應該還在這家酒店裡,具體在哪個房間就不得而知了。
「我王芬芬就讓你如此不待見啊!」
王芬芬恨恨地丟下窗簾,在屋裡來回地踱步。
突然,她渾身一緊!
對了!
她滿可以利用這個時間……
她趕緊跑到手提包那裡,翻找到一個很小的小瓶子,黑色的,瓶口塞著。
她背對著門,小心翼翼地開啟了瓶口,將裡面的一顆銀白色的藥丸倒了出來,融化進了陳默天那邊的水杯裡。

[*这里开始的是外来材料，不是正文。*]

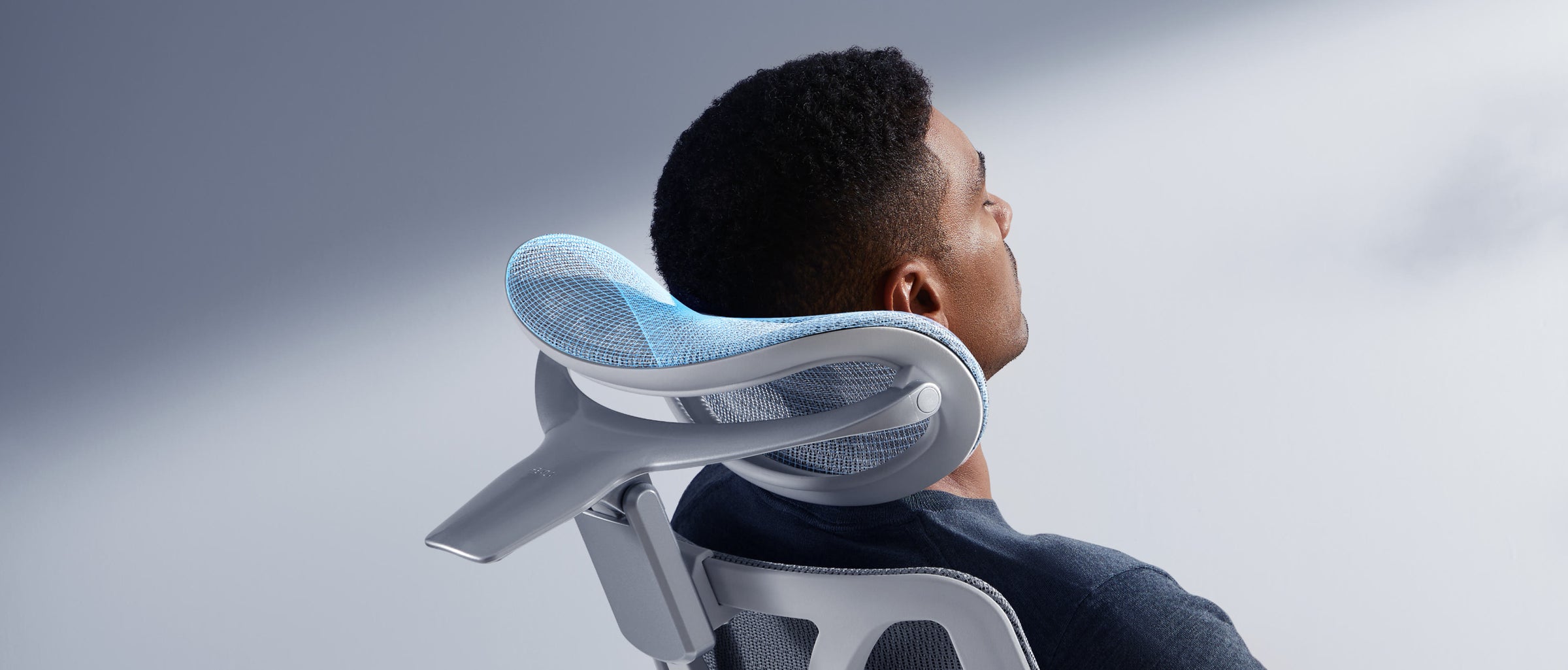 4D Headrest Support for Every Posture
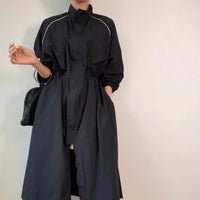 Damen leichter Windbreaker-Mantel mit Tunnelzug und Raglanärmeln - Schwarz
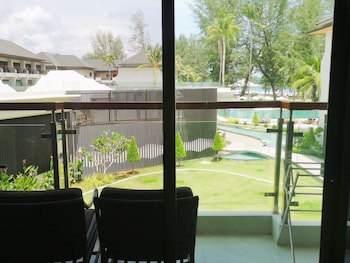 Amora Beach Resort Phuket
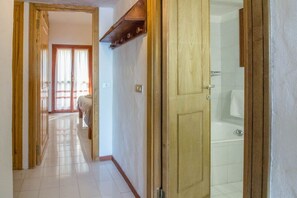 Bruser, hårtørrer, bidet, håndklæder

那顆白色的藥丸,進了水杯裡,就著一丁點的水,就完全融化了。
看不到一絲顏色!
因為太過緊張,王芬芬的手甚至都在打顫!
她趕緊將那個黑瓶子藏進手提包裡,然後急喘著,坐在她的位置上。
然後,她的目光,就總是不由自主地落到對面的那個杯子上。
心跳,怦怦的那麼快!
上帝保佑啊,上帝保佑!
陳默天坐在沙發上繼續看他的電腦,肖紅玉則枕著陳默天的大腿,仰臉玩著手機遊戲。
兩個人各自為政,卻也相安無事,相守相陪。
直到飯後半小時了,服務員送上來了餐後水果,陳默天那才放下電腦,說:「好了。別玩了,先來吃點水果。」
「我不想吃了,你吃吧。」肖紅玉正玩得上癮,才不捨得撂下手機,含混地應著。
陳默天一把搶過去了肖紅玉的手機,舉高高。
肖紅玉急得支起身子,叫著,「給我啊,給我手機啊!馬上就要升級了,不能停下來啊!真是的,你快點把手機還給我嘛!」
「你去吃水果。餐後水果必須吃!」
「你先給我手機!」
「你吃完水果我就給你手機。」
肖紅玉嘴巴撅得高高的,可是一看陳默天那張臉,就知道,再求他也是白搭的。
「好吧,先吃水果。」
肖紅玉嘆口氣,癟著小臉,伸手拿了水果,吃了起來。
「這些天,你們學校裡有沒有什麼出遊的活動?」
陳默天看著肖紅玉吃水果,淡淡地問。
「唔?才開學,哪有什麼活動啊?」
小丫頭不吃則以,一吃就上癮了。
「比如,出國之類的活動?」
「蝦米?出國?」肖紅玉撐圓眼珠子,左右動了動,搖搖頭,然後繼續吃。